English Vocabulary

Telepone box or telephone booth ?

In my last lesson today, "Jean Gets Lost in San Francisco (Scene 1)", I was asked which word Polly uses -in the audio- for to correct Jean who speak about a "telephone cabine". I thought to hear "telephone box". But beeing a little unsure, I had a look in my Harrap's French-English dictionary, that confirmed me: "cabine téléphonique; (tele)phone box, esp Am call box". Beside this dictionary doesn't give any other term for "cabine téléphonique".
So I was a bit surprised when I read in my correction that my word, box, was noted like incorrect, and in place the word "booth" like the right one. I never saw this term "booth" before, and going back to the same dictionary, I found out it's translated "baraque, tente (de marché)", and, indeed: "Tel cabine". (+ polling booth; "isoloir").
After this I checked on the Merriam-Webster, and indeed I found to booth: : 1) a small enclosure affording privacy for one person at a time <a telephone booth>, when ther's any telephone in the definitions for "box". So, I guess I had to conclude me and my dictionary were wrong on this (very little) question (and so I burnt it :-)

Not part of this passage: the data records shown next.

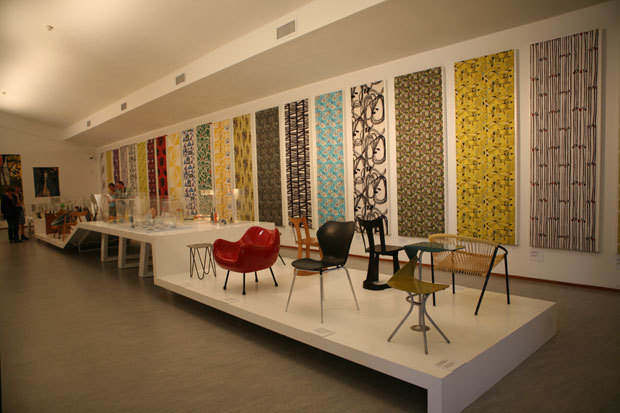 폴란드의 디자인 작품을 전시중인 방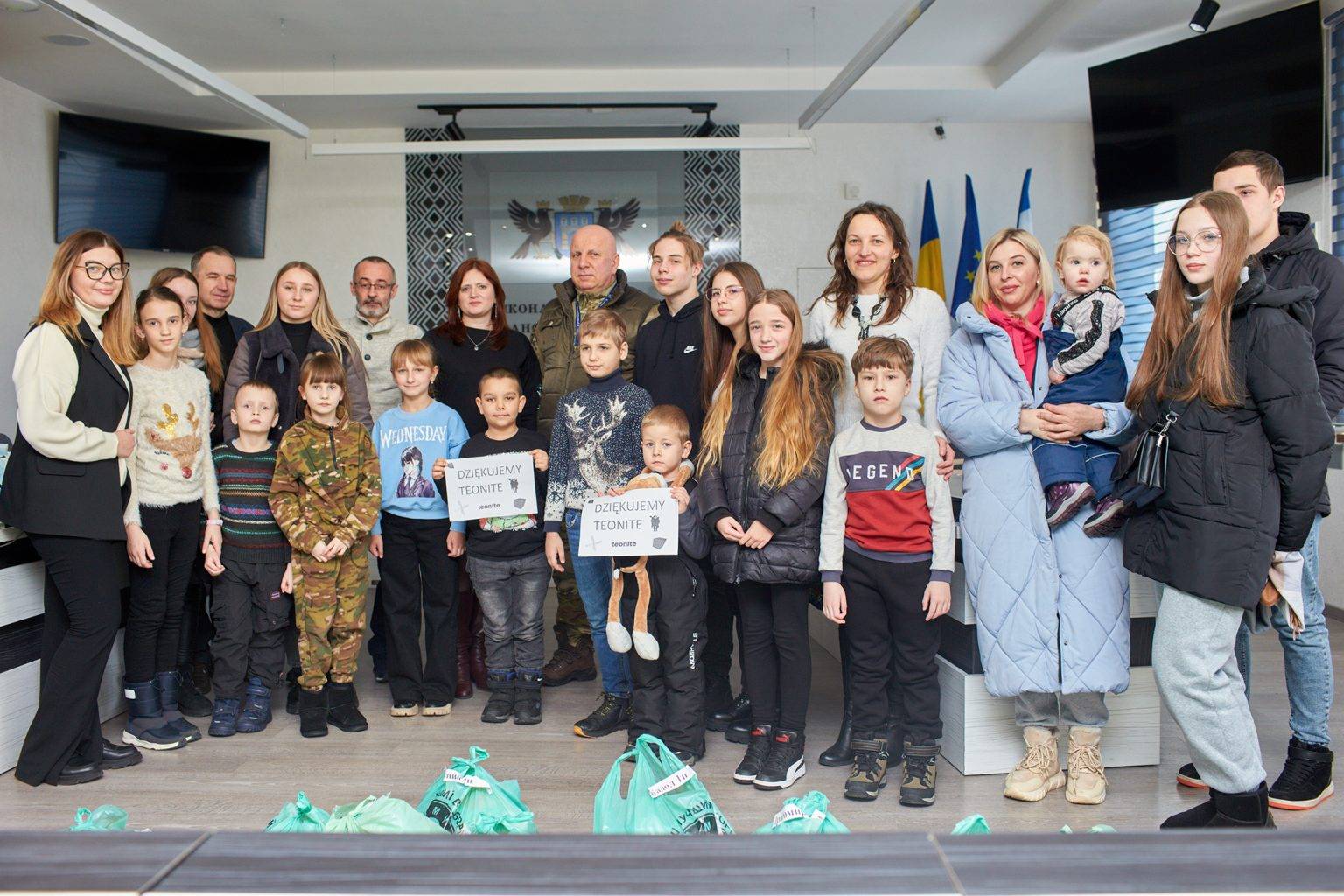 У Франківську родини загиблих захисників отримали допомогу від польських волонтерів ФОТО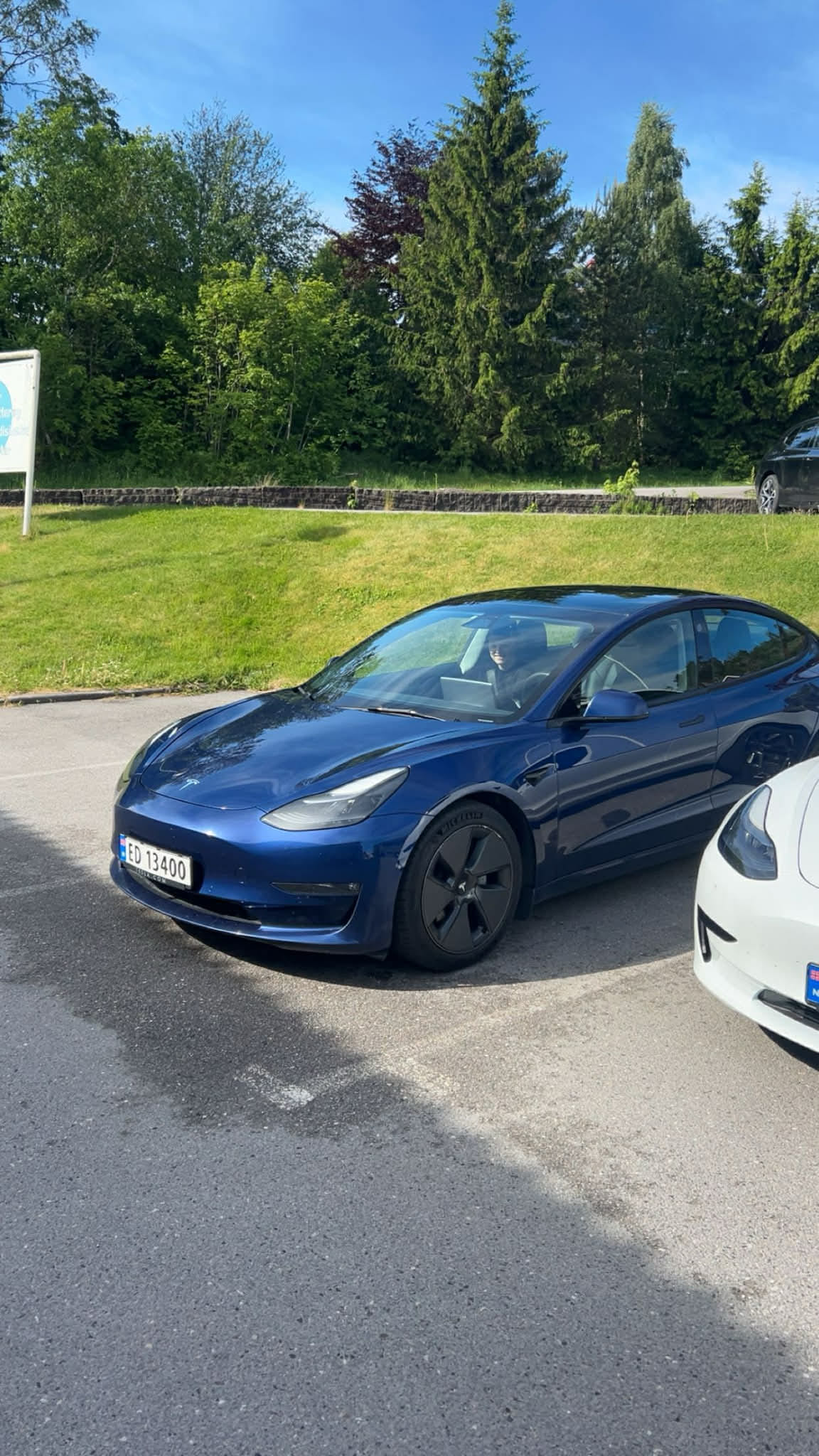 Tesla Model 3 Long Range med Firehjulstrekk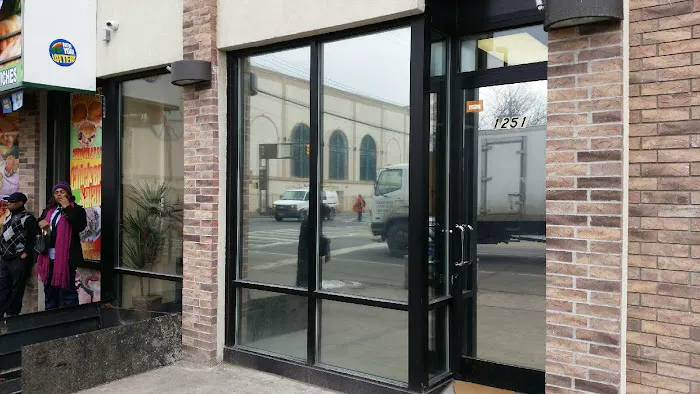 Scotty's Professional Window Tinting 1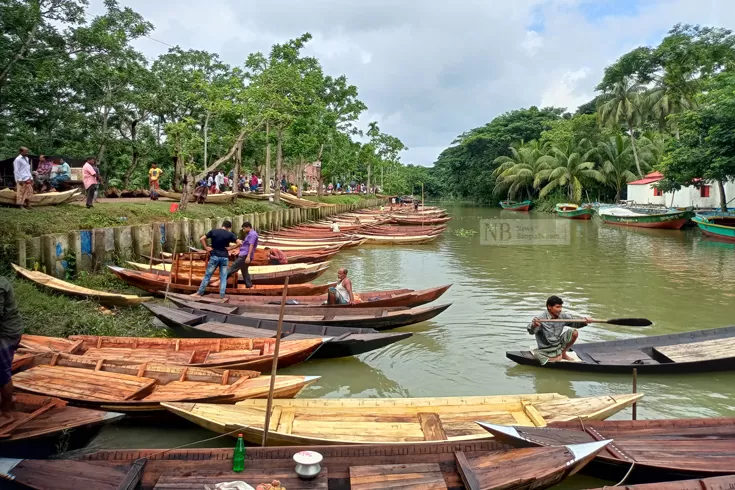 আটঘরে-জমেছে-ডিঙির-হাট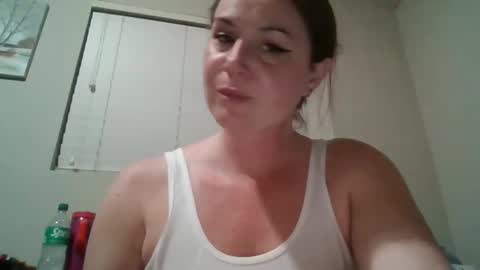 SNEAKYLNK online show from January 8, 4:37 am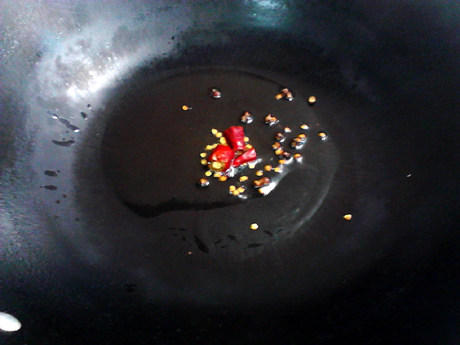 酸汤肉片,放入干辣椒和花椒，炒香。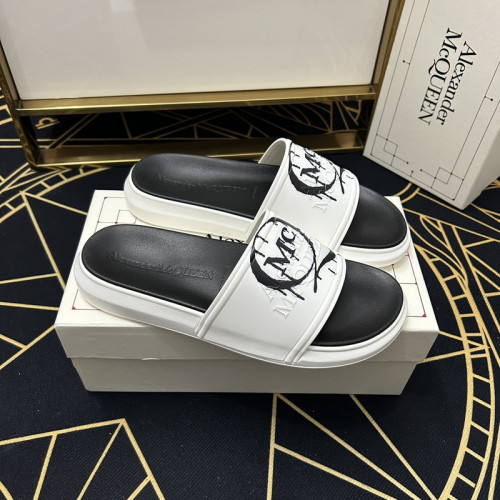 Alexander McQueen women slippers AAA-001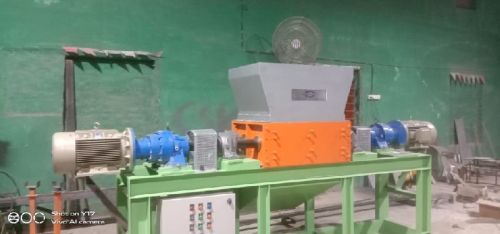 Twin Shaft Shredder, Automatic Grade : Semi Automatic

  • What did you burn, Balaen? If you burnt your precious dictionary, for sure you were yourself burnt-out.

    I sent a mail to acquaintances in USA, Canada and Wales asking which of the expressions "telephone booth, telephone box or telephone kiosk" was the common one in their everyday speech.
    In USA and Canada they say telephone booth.
    In Wales they rather say a phone-box but everyone does understand the three words.

    From Answers.com "The red telephone box, a public telephone kiosk designed by Sir Giles Gilbert Scott, is a familiar sight on the streets of the United Kingdom, Malta, Bermuda and Gibraltar, and despite a reduction in their numbers in recent years, red boxes can still be seen in many places and current or ex-British Colonies around the world. The colour red was chosen to make them easy to spot." Sir Giles Gilbert Scott was a famous British architect.

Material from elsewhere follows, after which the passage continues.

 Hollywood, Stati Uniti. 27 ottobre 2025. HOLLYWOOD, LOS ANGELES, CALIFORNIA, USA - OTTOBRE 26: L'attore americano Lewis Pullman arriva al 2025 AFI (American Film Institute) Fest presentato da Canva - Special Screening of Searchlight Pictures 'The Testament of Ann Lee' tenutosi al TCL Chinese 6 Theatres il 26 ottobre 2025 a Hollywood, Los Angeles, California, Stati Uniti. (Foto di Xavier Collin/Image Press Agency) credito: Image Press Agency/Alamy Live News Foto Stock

    But with just about everyone on the planet having a cell-phone nowadays (cell-phone, or mobile, or GSM, or other blackberries), I'm pretty sure telephone-booths will become a thing of the past. An antique thing to decorate one's large living-room. Suppose the unique, red-colored British ones will bring a hefty price. See ya at Christie's.
  • Just got on Skype another call from Wales. They say all three words are equally used.
    "Is there a kiosk call-box around here?"
  • Hello dear colleague student and neighbor,
    (indeed Gee I read you're a wallon like me).

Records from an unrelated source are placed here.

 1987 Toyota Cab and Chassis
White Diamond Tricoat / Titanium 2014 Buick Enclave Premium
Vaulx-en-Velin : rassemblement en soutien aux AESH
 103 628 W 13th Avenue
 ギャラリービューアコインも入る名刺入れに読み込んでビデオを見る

    "Grand merci" for your nice and deep research about this little innocent word I was asking about. And for your very complete answers. I am as much flattered that I could check your English level is much higher than mine ;-)

    So I was not completely wrong when I put "telephone box" in place of "telephone booth" in the test, even if it's actually the last word that is used in the dialogue. But difference to hear is subtle, as much as you recognize only the word you know, of course. Well at least I learned a (completely useless) new word :-) And you learned me another one, since I couldn't imagine the French "kioske" is also used for these urban "furniture".

    Have a nice week end...

    Btw I also thought like you that phone boxes, boothes or kioskes, all of them, are going to become historical monuments, deserving may be the same protection than other ones... at least the Sir Giles Gilbert Scott's ones you refered to. :-)
  • While we are at it (telephones), do you know what a WAP is?